Kimblewick? Worked wonders on my sons old pony&#8230;..we had the one with the two slots (Uxeter?) so could move the rein up and down depending on how strong he got on a hunting day.


----------



## Meredith (15 March 2015)

L&M said:



			Kimblewick? Worked wonders on my sons old pony&#8230;..we had the one with the two slots (Uxeter?) so could move the rein up and down depending on how strong he got on a hunting day.
		
Click to expand...

This. Years ago slotted Kimblewick's were used on strong ponies at Pony Club.


----------



## ashlingm (16 March 2015)

Would a looseish grackle work? So it only comes into play if he tries to open his mouth to take hold of the bit? 

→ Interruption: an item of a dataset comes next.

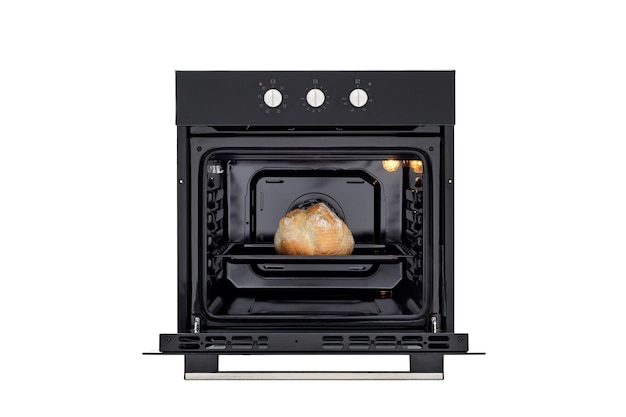 Black oven with open door and baked bread front view isolated on white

A friend of mine had great success with a waterford and a martingale 

Also second what was said above about the Kimblewick bit. Years ago you'd often see strong ponies in them. Seems to be rare enough now - have they just fallen out of fashion?


----------



## Kat (24 March 2015)

I hunt in a slotted kimblewick and it is great my mare is comfortable and happy and I can take a check gently. I would seriously consider trying a Mexican grackle too, they are actually quite comfortable for horses, more so than cavessons or flashes so your pony might not object And it would help stop him evading you.


----------



## Ponycarrots (24 March 2015)

My boy is normally in a normal eggbutt snaffle for everything, out hunting I needed a Dutch gag with the reins on the bottom ring! He absolutely loved it and flew in gallop.
The first time we went I tried a 3 ring gag bit on the third ring and it was like I had very little or no control for a while! Then I tried the Dutch gag and he was fantastic.


----------



## smja (24 March 2015)

Ponycarrots said:



			The first time we went I tried a 3 ring gag bit on the third ring and it was like I had very little or no control for a while! Then I tried the Dutch gag and he was fantastic.
		
Click to expand...

I thought a 3 ring gag and a Dutch gag were the same thing?


----------



## ester (24 March 2015)

OP are you using the gag with a curb strap?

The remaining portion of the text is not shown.